From the broker's perspective, Mr. Berry said, there are three basic considerations in evaluating an insurer: Does the insurer have the right product for the brokers' clients, is the product competitively priced and will the broker be compensated competitively for its efforts placing the insurer's product?
While commissions are “core” to the compensation of brokers, insurers often use additional incentive payments contingent on factors such as volume, retention, line of business or geography, the Deloitte consultant said.
“Those are sort of at the margins,” Mr. Berry said. “Those can be fairly effective if they're used properly.” But, the insurer has to be sure those other sorts of compensation aren't excessively complex because they won't work in motivating the broker to place business if the broker doesn't understand them.
“I think many companies, when you look at their incentive programs, they're actually fairly flexible,” said Mr. Hartwig. Whatever mix an insurer takes in its approach to broker compensation, though, at its core it will be a program that's going to provide some sort of incentive to provide good business, he said.
Brokers often are willing to show some flexibility.
“If I'm a broker, how much am I being compensated for the amount of work I do?” Mr. Berry asked. If the insurer can provide ways to make the broker more efficient and productive, “I might be willing to give up a little bit of that commission rate,” he said.
Long-running issue
Mr.

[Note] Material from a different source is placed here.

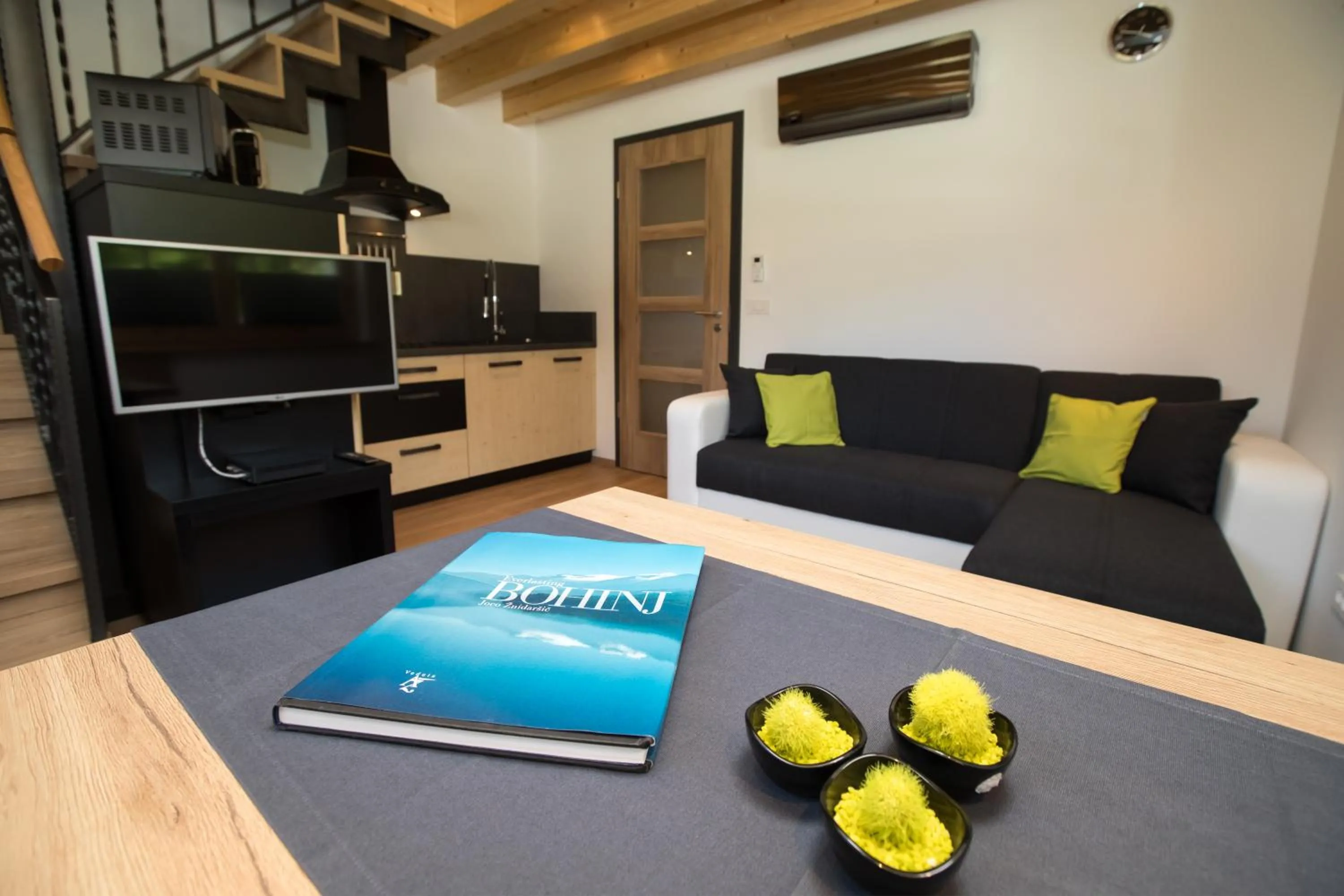 Living room in Apartments Alp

Hartwig noted that while some approaches to broker compensation are the result of insurers' philosophies or strategies, in some cases the mix still is influenced by the compensation scandals that emerged as a result of investigations spearheaded by then-New York Attorney General Eliot Spitzer.

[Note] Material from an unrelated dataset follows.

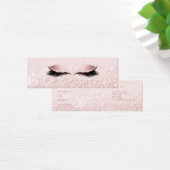 Certificat cadeau Rose Pastel Pink Lashes Maquilla (Bureau)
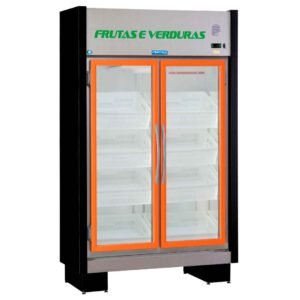 Expositor Vertical Hortifruti Fortsul 2 Portas EAS 202 RT HORT 220v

But Timothy J. Cunningham, a principal at Chicago-based OPTIS Partners L.L.C., said many of the same compensation discussions have taken place in insurers' executive offices before and after Mr. Spitzer.

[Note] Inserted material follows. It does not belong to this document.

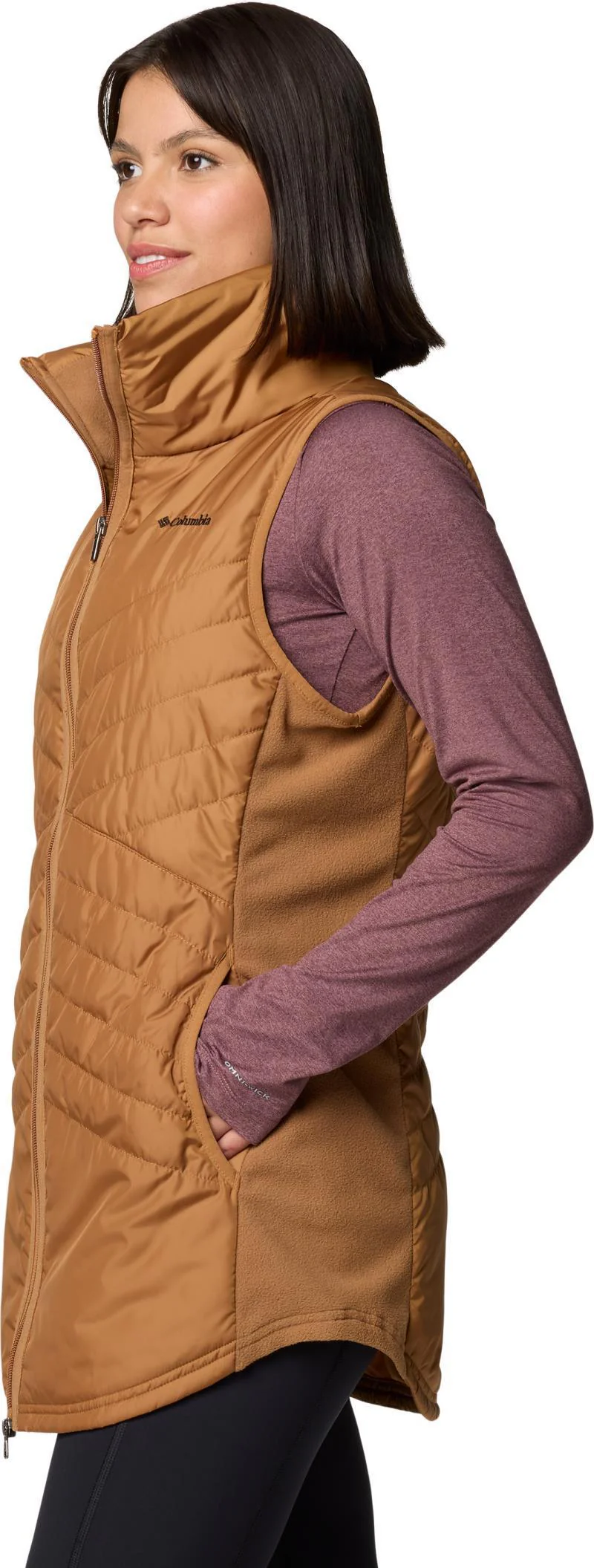 Mix It Around Long Vest II - Womens - Image 8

“From my discussions with insurance company execs, they struggle with, "What can we do with our compensation system to influence behavior?' and that existed pre-Spitzer as well as post-Spitzer,” Mr. Cunningham said.
“In terms of driving results, a commission basis is probably as reasonable a basis as is possible,” Mr. Cunningham said. “First and foremost, an agency/brokerage should be a sales organization and they're the sales arm of an insurance company. If they're going to be your sales arm, you pay them on an eat-what-you-kill basis.”
It's important, though, to look at pure commission compensation vs. contingent commissions and other incentives, he said. “I think it potentially gets caught up in the transparency-and-disclosure debate,” said Mr. Cunningham.
“At what point does any additional bonus compensation create the potential for conflict?” he asked. “Fundamentally, I think most producers want to do the right thing.”
Thomas Buchmueller, Waldo O. Hildebrand professor of risk management and insurance in the University of Michigan's Ross School of Business, noted that without adequate transparency, those sorts of perceptions can develop in any business relying on a commission structure to compensate distributors.
“If you go into an appliance store and the sales guy is pushing you to one product rather than another, you always wonder if it's because the commission structure is better for one than the other,” Mr. Buchmueller said.
However, “the commission in principle is a good incentive; and without it, the broker isn't really going to be hustling,” he said.